From a GDPR perspective (for EU applicants), these disclosure gaps may trigger Article 22 rights: if the Pymetrics output constitutes a solely automated decision producing significant effects, applicants have the right to a meaningful explanation.


Implications for Jordan Ellis

If Jordan had applied through a company using Pymetrics rather than HireVue, the surveillance architecture would have been different in form but similar in structure:

  • Jordan's behavioral responses during 25 minutes of games would have been analyzed
  • The analysis would have compared Jordan's profile against successful employees at the company — employees who may not demographically resemble Jordan
  • Jordan would have received a hiring recommendation score without understanding how it was generated
  • Jordan would have no access to their trait profile, the comparison model, or the explanation for their score

The gamification of the assessment makes it feel less intrusive than a facial expression video analysis — it feels like playing games rather than being scrutinized. This is, from a consent perspective, actually more concerning: Jordan is being assessed without the assessment feeling like assessment. The surveillance is disguised as play.


Discussion Questions

  1. Pymetrics claims to measure cognitive and emotional traits with neuroscientific validity. What level of evidence should be required before an employer can use a cognitive assessment in hiring decisions? Who should conduct that validation?
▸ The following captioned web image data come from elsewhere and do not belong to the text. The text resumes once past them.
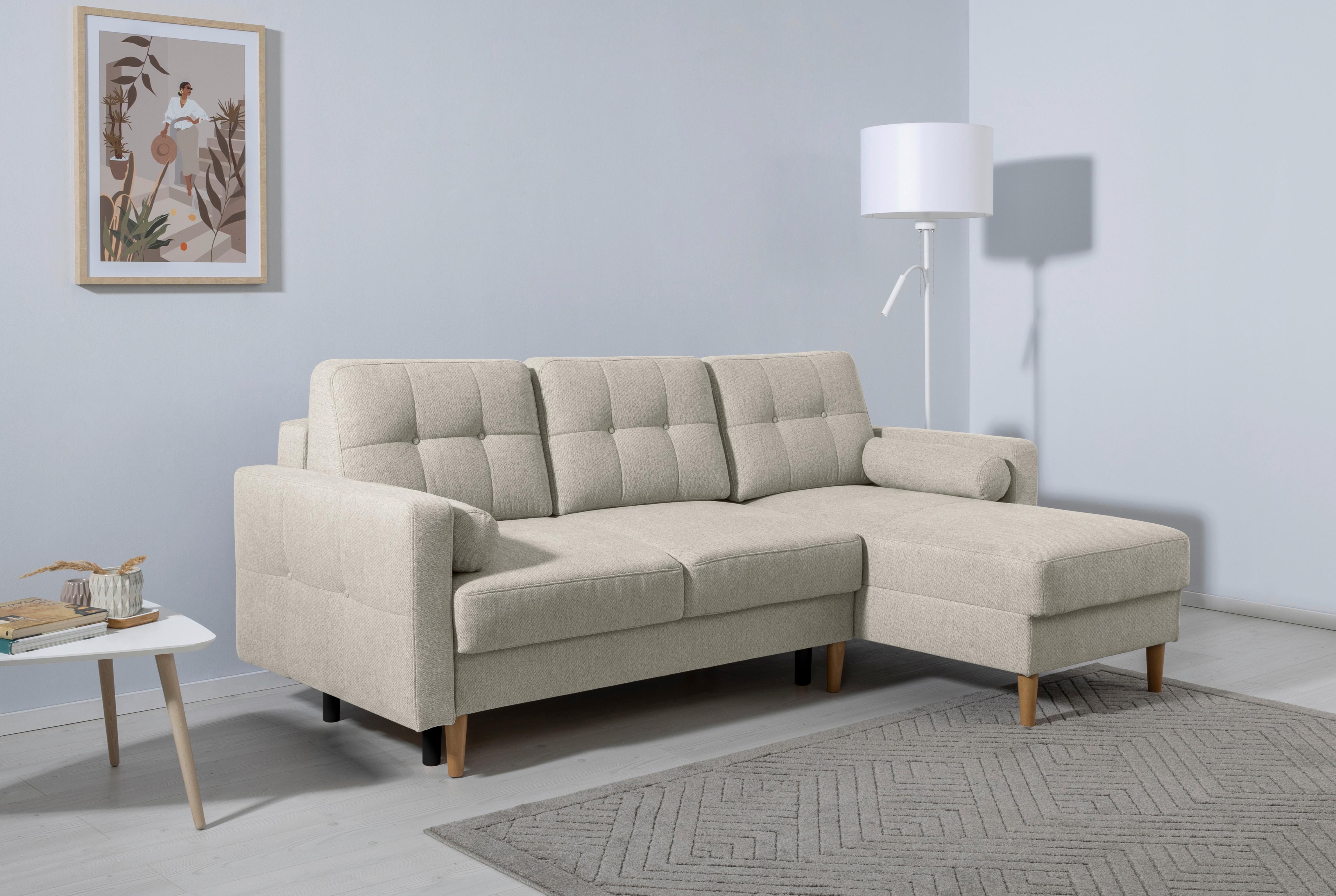 Ecksofa Noret, Beige S: 223x157 Cm - Beige/Buchefarben, Design, Textil (223/157cm) - MID.YOU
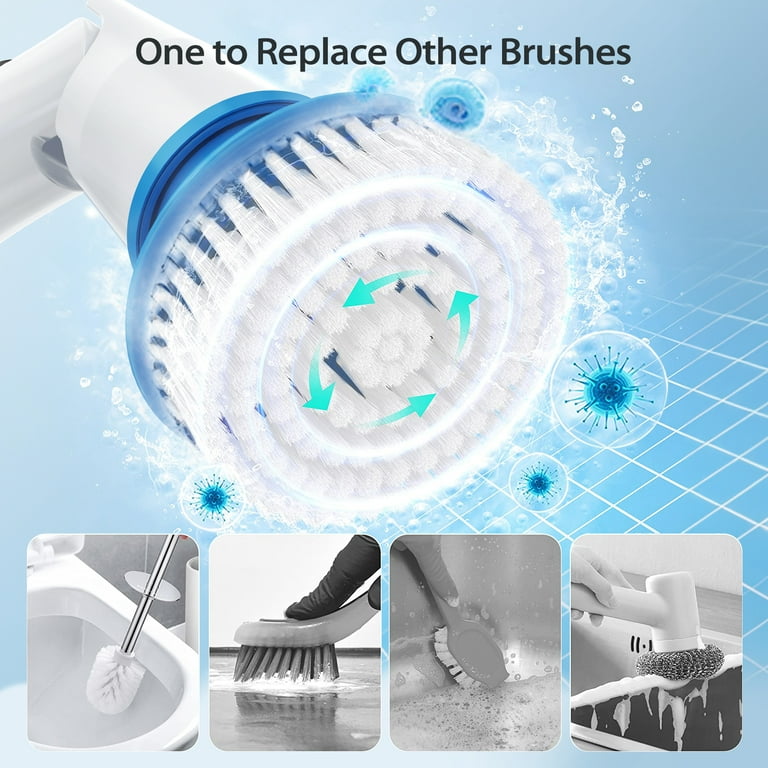 InnOrca Electric Spin Scrubber 2023 New Cordless Power Cleaning Brush with  7 Replacement Brush Heads, Shower Cleaning Brush with Extension Arm for  Bathtun Grout Floor Tile 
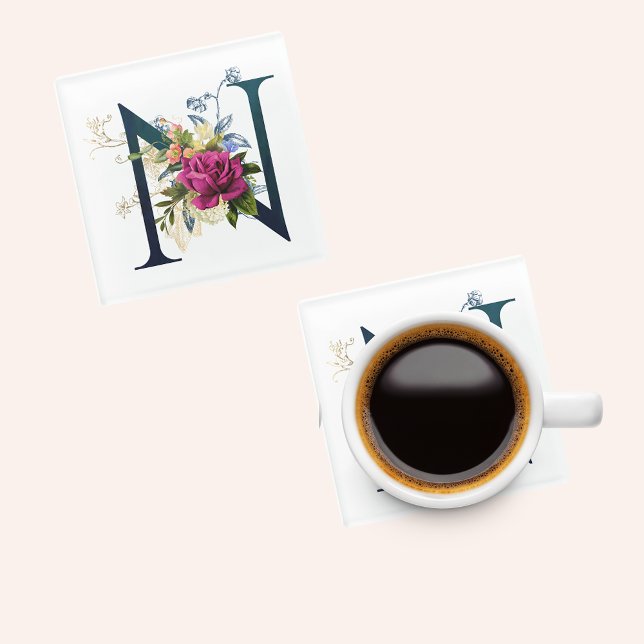 Posavasos De Vidrio Letra floral fancy monograma N (Subido por el creador)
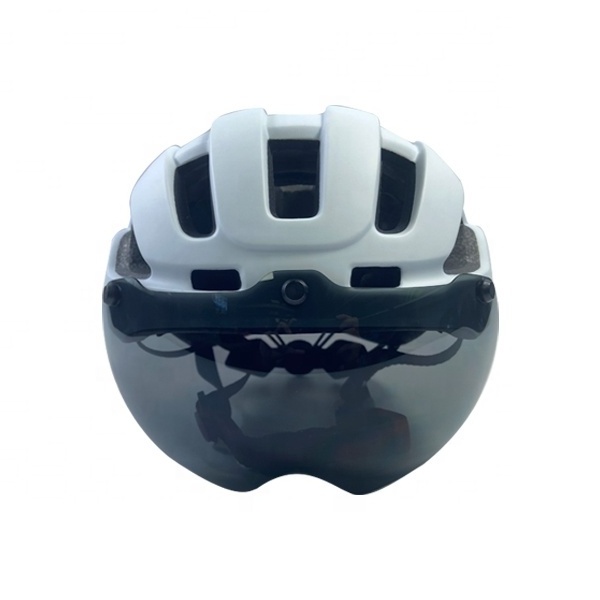 CE UKCA new bike helmet with USB rechargeable LED light and visor cycycling helmet with magnet lens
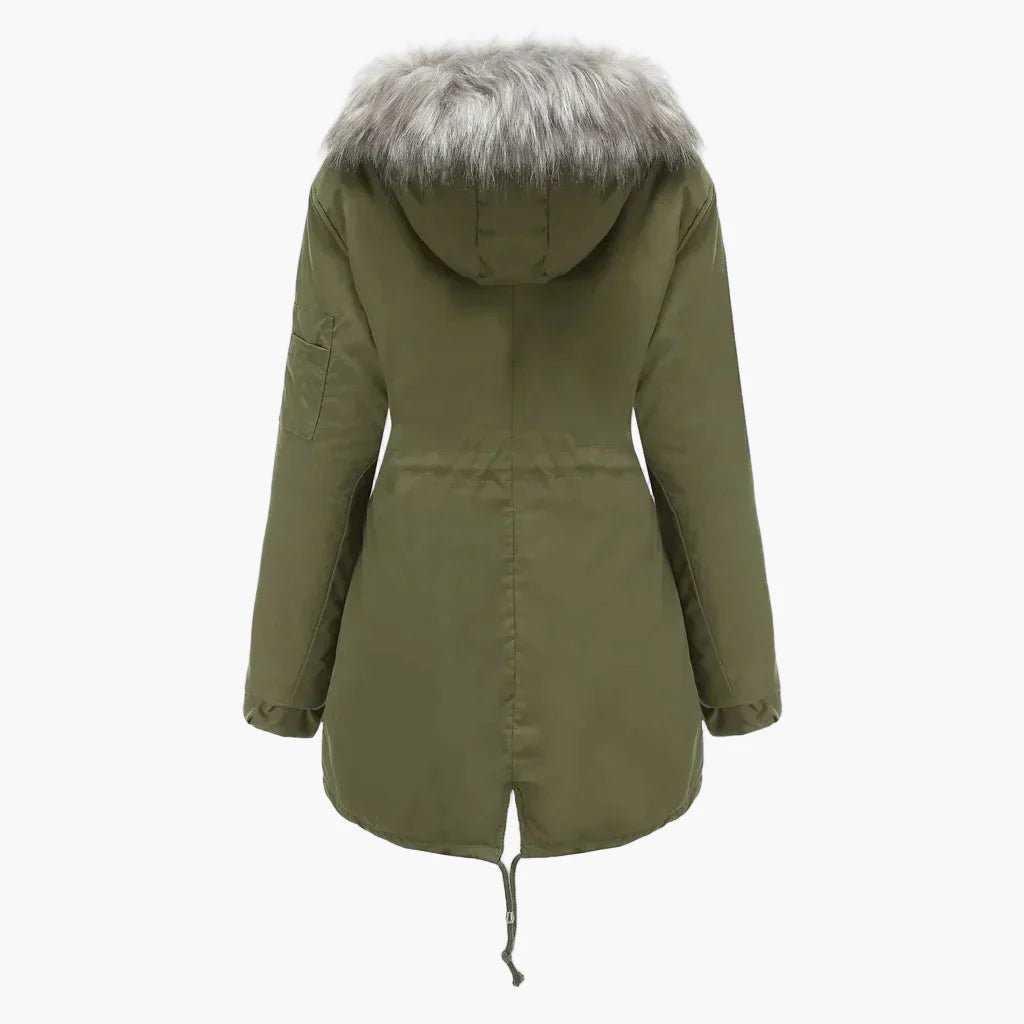 Dam Parkas Vinterjacka med Stor Pälsluva – Elegant Vardagsstil och Värme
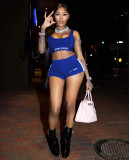 Fashion Sports Print Top Shorts Two Piece Set XYF-9303
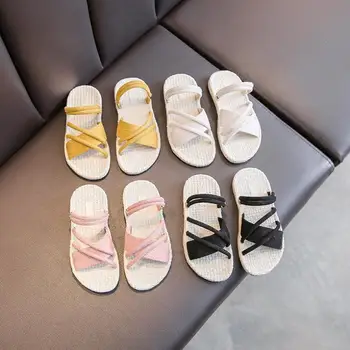 

Children's Shoes Girls Sandals Princess Shoes Classic Cross Summer Shoes Children PU Sandals Roman Tide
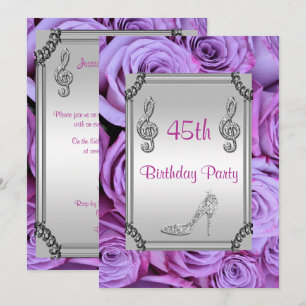 Invitation Note de musique en diamant, talon aiguille et rose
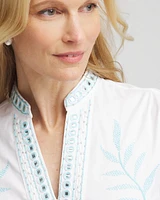 Embroidered Stand Collar Kaftan Dress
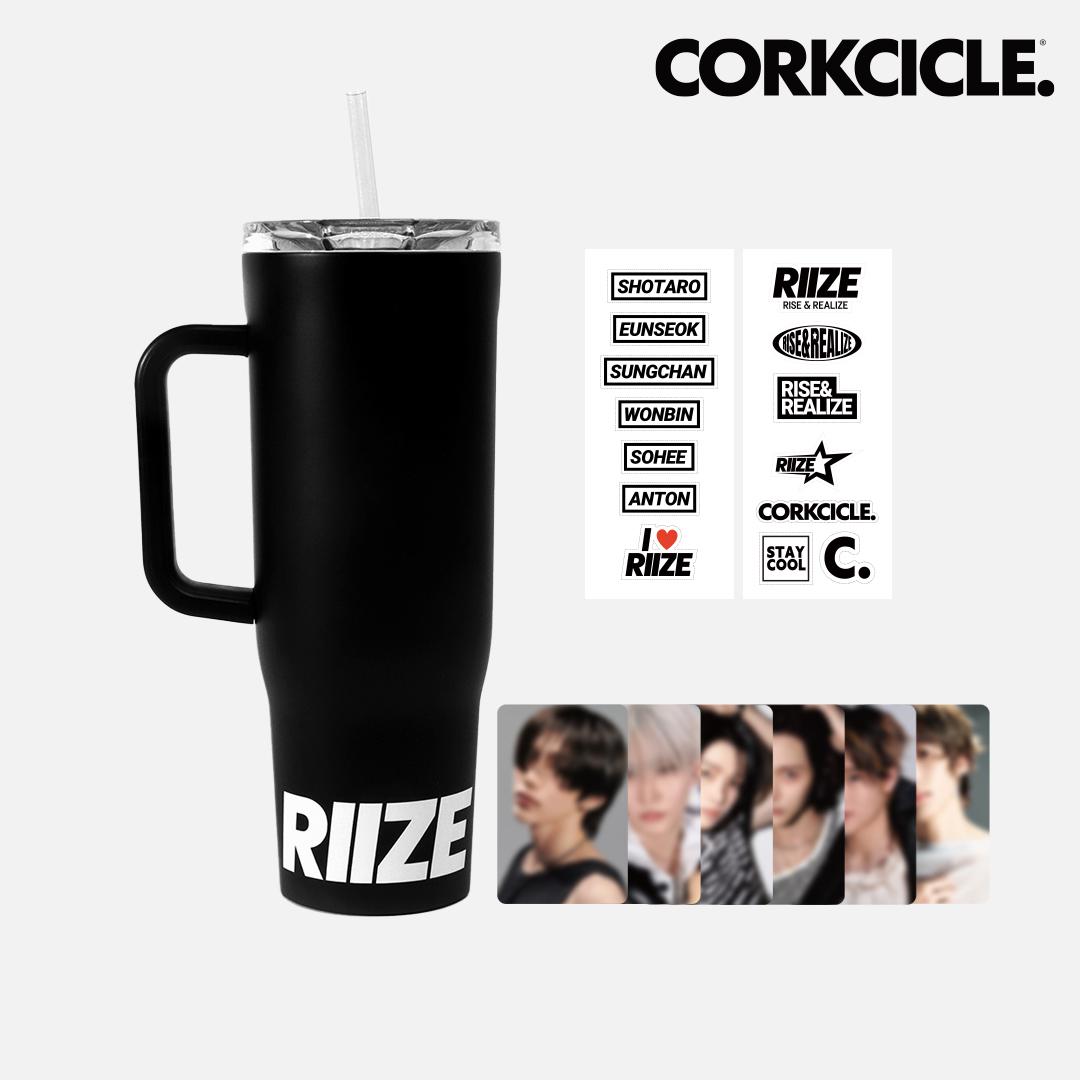 라이즈 RIIZE X 콕시클 크루저 40oz SET, 대용량 손잡이 빨대 텀블러 1180ml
  2. The "gamification" of hiring assessment makes the evaluation feel less threatening than a video interview. Does this make it more or less ethical? Does the fact that applicants are more likely to perform authentically in a game format justify using the game format as a screening mechanism?

  3. Pymetrics' bias reduction efforts — auditing for demographic parity in outputs — represent genuine technical engagement with the discrimination problem. What are the limits of purely technical approaches to bias reduction in hiring algorithms?

  4. An employer might argue that Pymetrics' gamified assessment is fairer than GPA-based screening because it tests actual cognitive capabilities rather than credentialing advantages. Is this argument valid? What does it assume about what GPA measures and what cognitive games measure?

  5. Jordan could potentially do better or worse on Pymetrics games depending on factors unrelated to job qualifications: fatigue, anxiety, internet connection quality, access to quiet space to complete the games. How should algorithmic hiring systems account for the conditions under which assessments are completed?